** WHAT YOU WILL DO **
Please reproduce the entries below exactly, leaving the pictures out.

** MATERIAL FOR THE TASK **
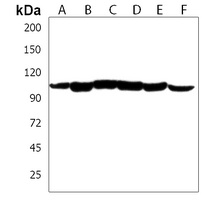 PGAP1 Rabbit Polyclonal Antibody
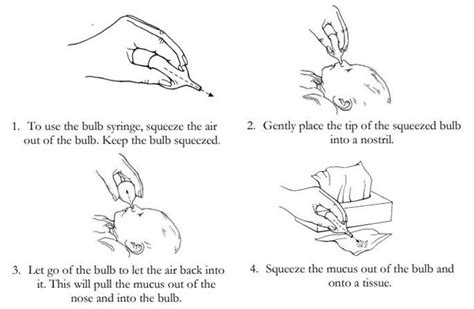 Suctioning The Nose With A Bulb Syringe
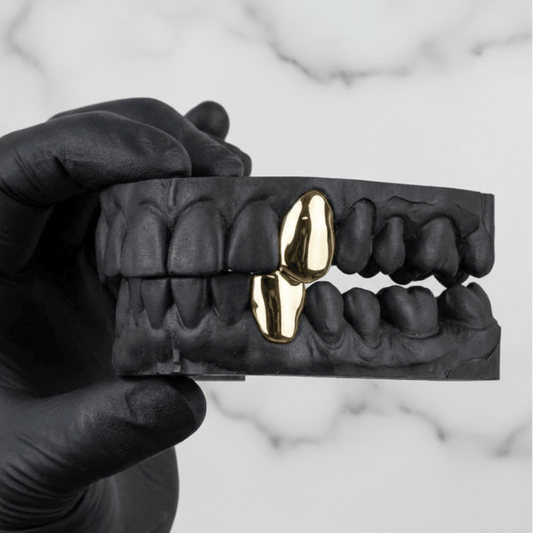 ROGUE (GOLD PLATED GRILLZ) - Yellow - HC Grillz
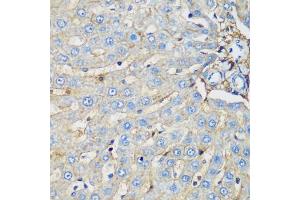 Immunohistochemistry of paraffin-embedded rat liver using PROCR antibody (ABIN6291490) at dilution of 1:200 (40x lens).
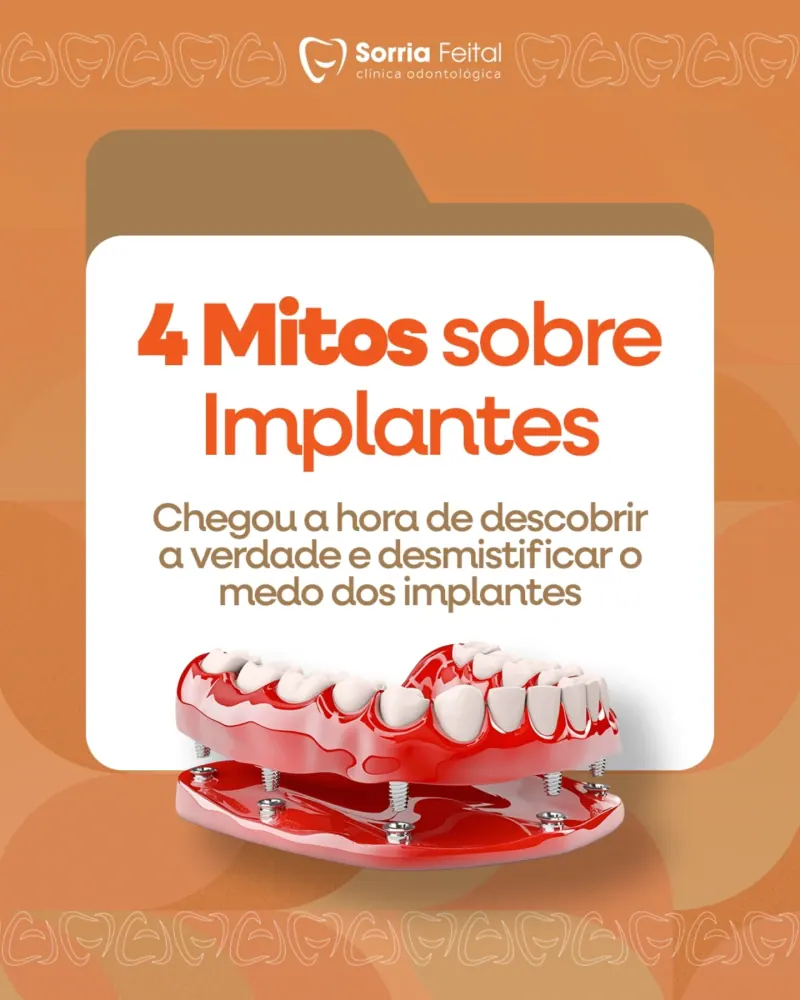 Post: 4 mitos sobre implantes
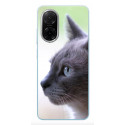 Coque Xiaomi Redmi A5 personnalisée: Faite en France et livraison en 48H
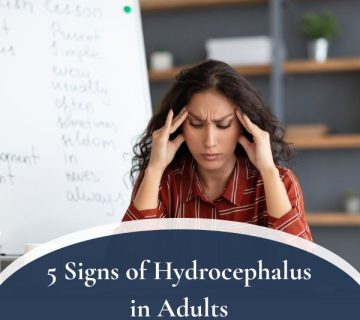 5 Signs of Hydrocephalus in Adults 360x320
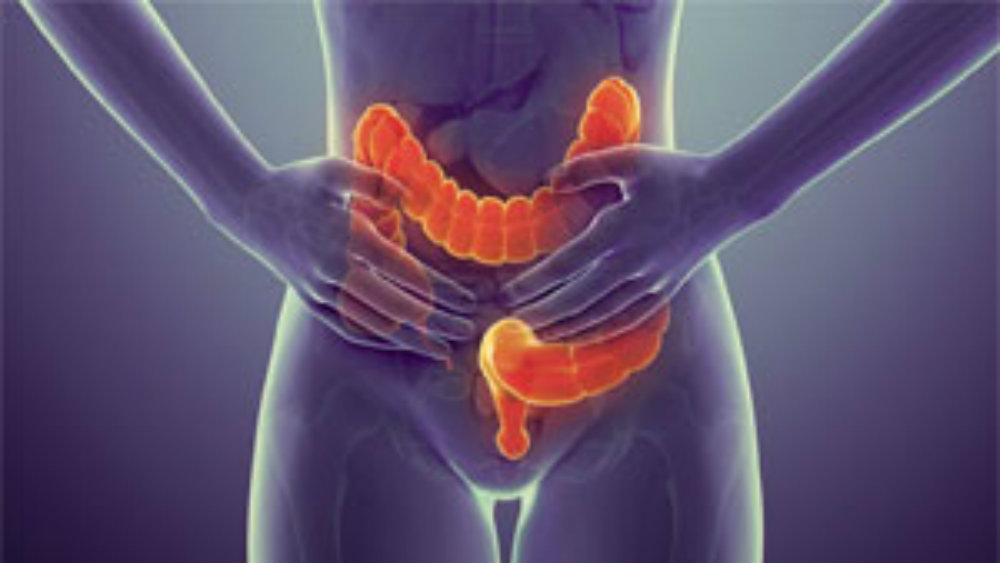 Svake godine 4.500 novoobolelih od raka debelog creva u Srbiji 1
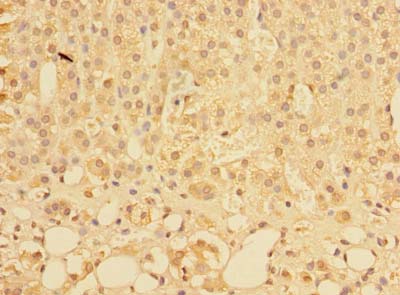 PLEKHS1 / C10orf81 Antibody - Immunohistochemistry of paraffin-embedded human adrenal gland tissue using antibody at dilution of 1:100.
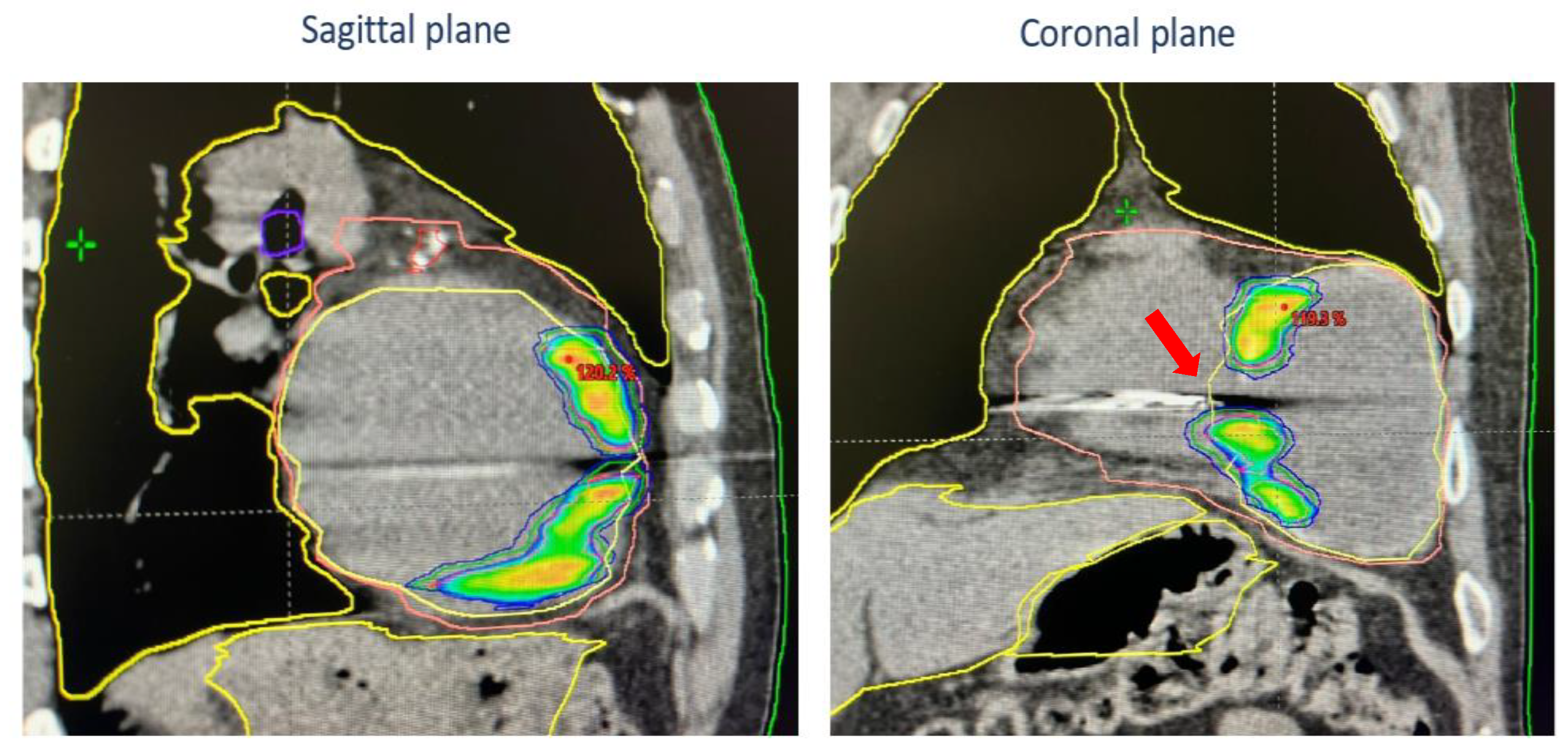 Jcdd 11 00239 g007 Jcdd 11 00239 g007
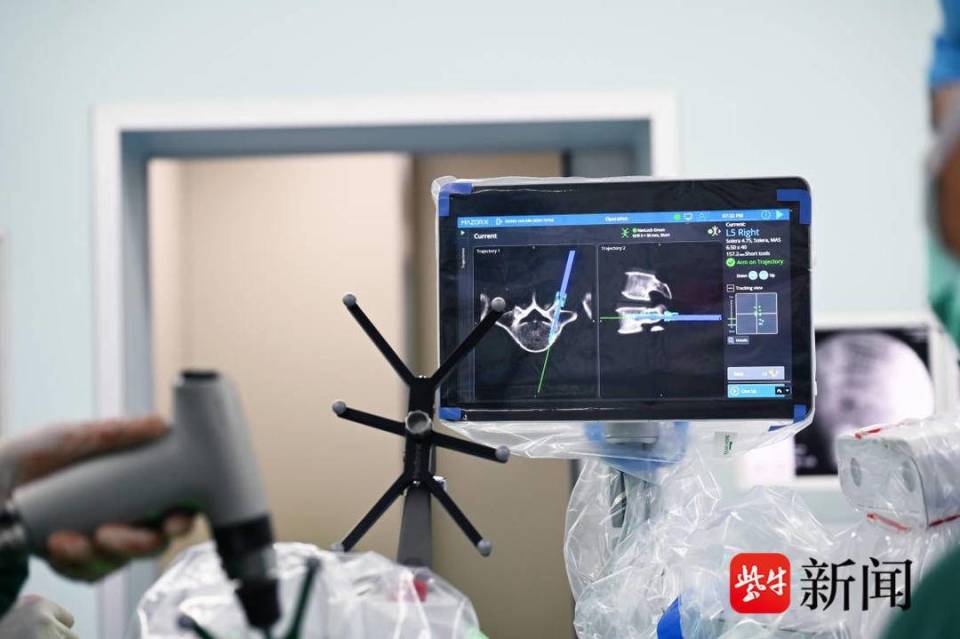 镇江瑞康医院数智骨科首秀成功开展该市首例脊柱机器人手术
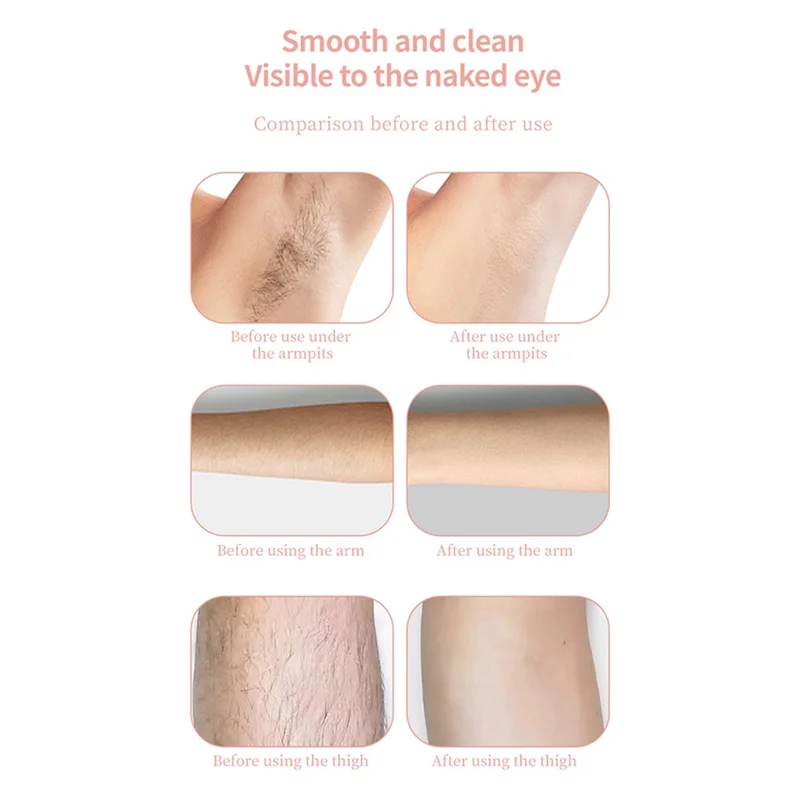 ماكينة حلاقة بيكيني برأس مزدوج A69T للنساء ماكينة حلاقة كهربائية رطبة وجافة غير مؤلمة ناعمة للنساء ماكينة تشذيب بيكيني وردي #4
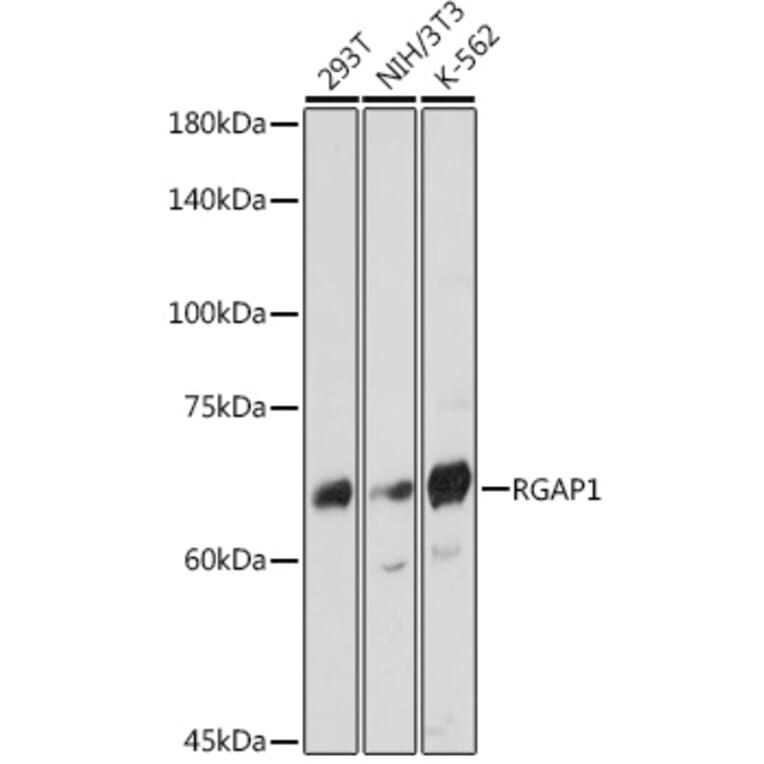 Western Blot - Anti-RACGAP1/MGCRACGAP Antibody [ARC2394] (A307175) - Antibodies.com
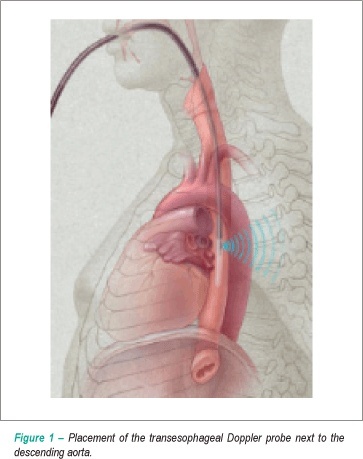Ischemic preconditioning influence ventricular function in off-pump revascularization surgery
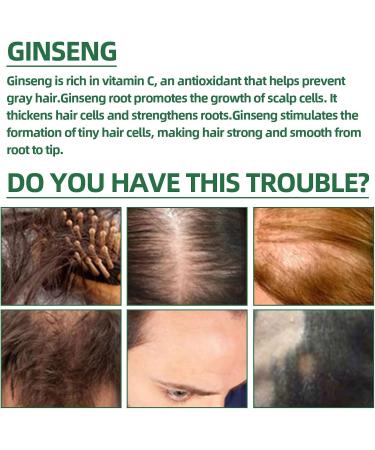 100ml Serum Pousse Cheveux S rum Pour La Pousse Des Cheveux D'essence Naturelle de Croissance des Cheveux Contient du Ginseng Favorise la Croissance Naturelle des Cheveux Ingwer - Buy Online on GoSupps.com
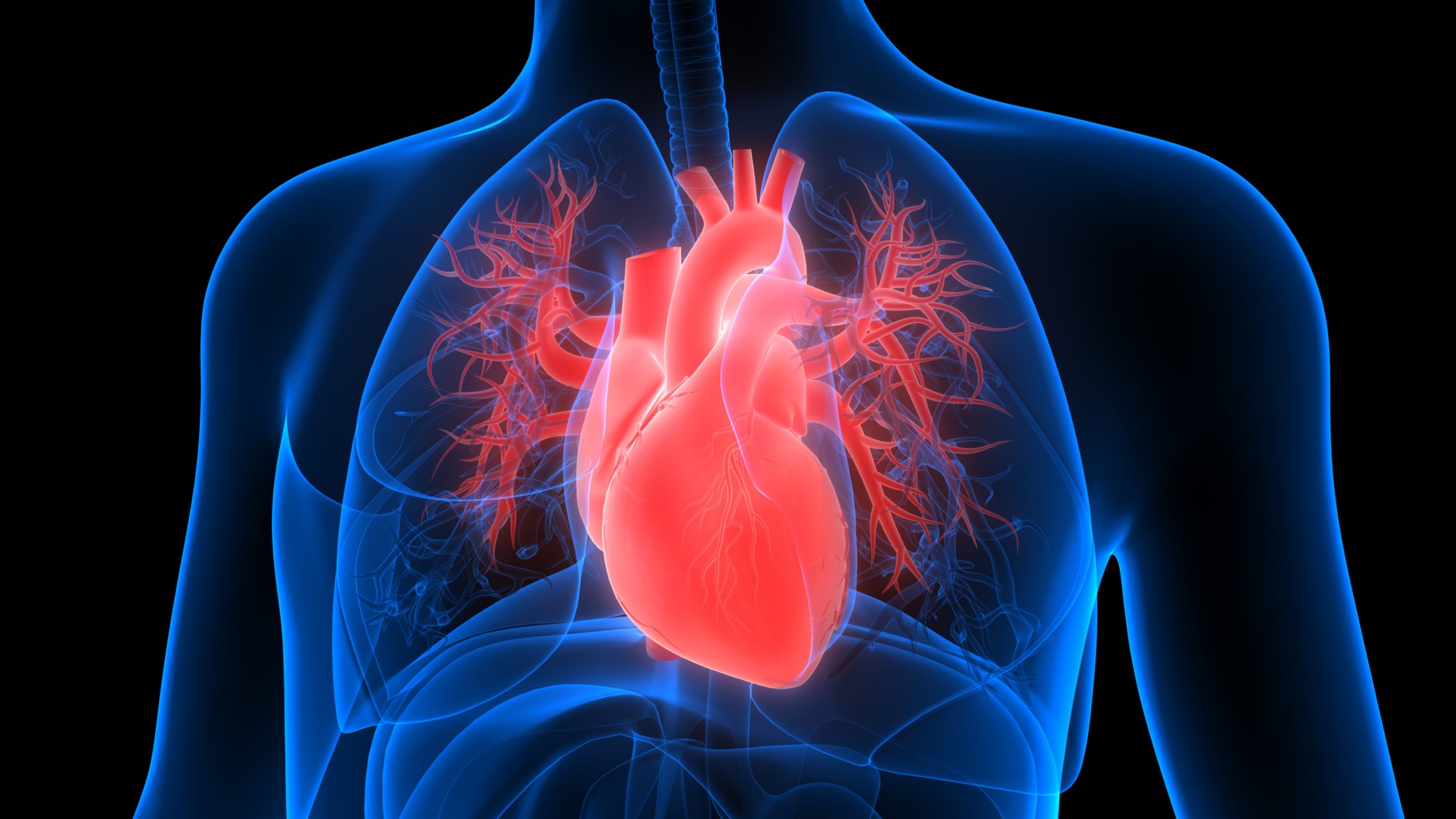 cardiac resynchronization therapy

** THE COMPLETED TASK **
 PGAP1 Rabbit Polyclonal Antibody
 Suctioning The Nose With A Bulb Syringe
 ROGUE (GOLD PLATED GRILLZ) - Yellow - HC Grillz
 Immunohistochemistry of paraffin-embedded rat liver using PROCR antibody (ABIN6291490) at dilution of 1:200 (40x lens).
 Post: 4 mitos sobre implantes
 Coque Xiaomi Redmi A5 personnalisée: Faite en France et livraison en 48H
 5 Signs of Hydrocephalus in Adults 360x320
 Svake godine 4.500 novoobolelih od raka debelog creva u Srbiji 1
 PLEKHS1 / C10orf81 Antibody - Immunohistochemistry of paraffin-embedded human adrenal gland tissue using antibody at dilution of 1:100.
 Jcdd 11 00239 g007 Jcdd 11 00239 g007
 镇江瑞康医院数智骨科首秀成功开展该市首例脊柱机器人手术
 ماكينة حلاقة بيكيني برأس مزدوج A69T للنساء ماكينة حلاقة كهربائية رطبة وجافة غير مؤلمة ناعمة للنساء ماكينة تشذيب بيكيني وردي #4
 Western Blot - Anti-RACGAP1/MGCRACGAP Antibody [ARC2394] (A307175) - Antibodies.com
Ischemic preconditioning influence ventricular function in off-pump revascularization surgery
 100ml Serum Pousse Cheveux S rum Pour La Pousse Des Cheveux D'essence Naturelle de Croissance des Cheveux Contient du Ginseng Favorise la Croissance Naturelle des Cheveux Ingwer - Buy Online on GoSupps.com
 cardiac resynchronization therapy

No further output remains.